In most of the U.S. the crime of kidnapping is defined by statute. Merely enticing a competent adult away is not sufficient to constitute the crime. The crime can only exist when an abduction is carried out against the will of the person, either actually or constructively. For example, inducing a laborer to go to a distant place to work, by holding out extravagant promises that the employer does not intend to fulfill, does not come within the scope of this crime; but getting a sailor intoxicated and taking him aboard a strange ship, with design to detain him until the vessel is under way, and then to persuade or coerce him to serve as a seaman, has been held to constitute kidnapping.

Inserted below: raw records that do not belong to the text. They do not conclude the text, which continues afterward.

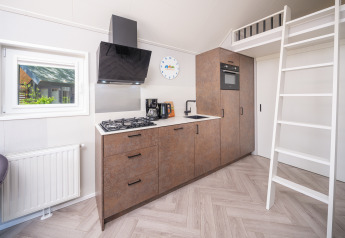 Moderne Küchenzeile mit Hochbett-Leiter im Summer Lodge im Park Rhederlaagse Meren, Niederlande.
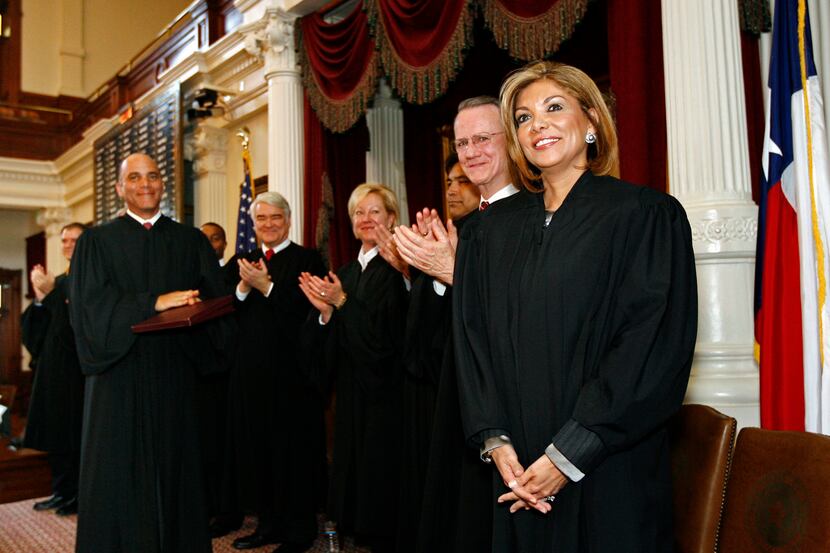Eva A. Guzman is congratulated by fellow justices after being  sworn into the Texas Supreme...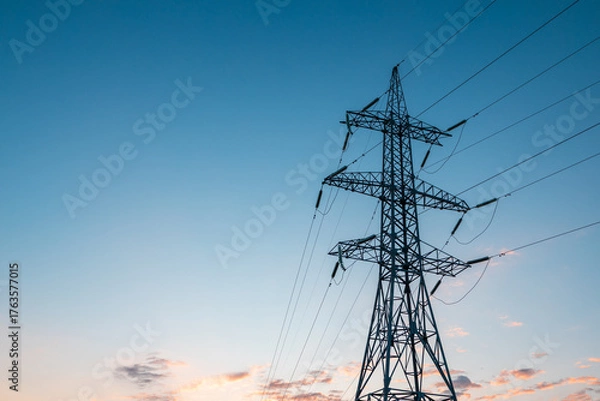 Fototapeta silhouette of a single pole of high-voltage electricity transmission lines against the blue sky at dawn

Kidnapping is also committed if the consent to such removal is induced by fraud, or if the victim is legally incompetent to give a valid consent, as in the case of a young child or of a feeble-minded person. The essential elements of kidnapping and of false imprisonment are about the same, except that the former includes, in addition to a detention, the act of carrying away the victim to another place, usually for the purpose of avoiding discovery.

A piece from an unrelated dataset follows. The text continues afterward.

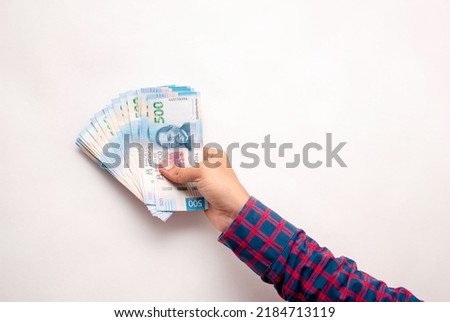 Hand holding five hundred mexican pesos bills as a payment on a white background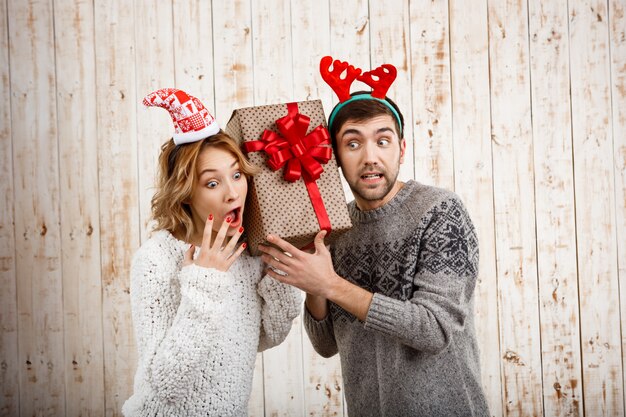 Young beautiful couple holding christmas gift over wooden wall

The penalty for kidnapping is generally severe in the U.S., and most states also make it a crime to attempt or conspire to commit a kidnapping. A federal law, popularly known as the Lindbergh Act, which was enacted in 1932 after the kidnapping of the child of the American aviator Charles Lindbergh, makes it a federal crime, punishable by life imprisonment, to kidnap a person and transport that person to another state. This law was amended in 1934 making conspiracy to commit a kidnapping also a federal crime. In 1968 the U.S. Supreme Court invalidated that section of the Lindbergh Act that gave the jury the power to recommend the death penalty for kidnapping.
A person legally entrusted with the custody of another may not, of course, be guilty of kidnapping that person. A parent, however, may be guilty of kidnapping his or her own child if custody of the child has been given to another by court order or decree. When the parents have separated without legal decree, one may take the child from the other even by trick or deception, without committing the offense of kidnapping.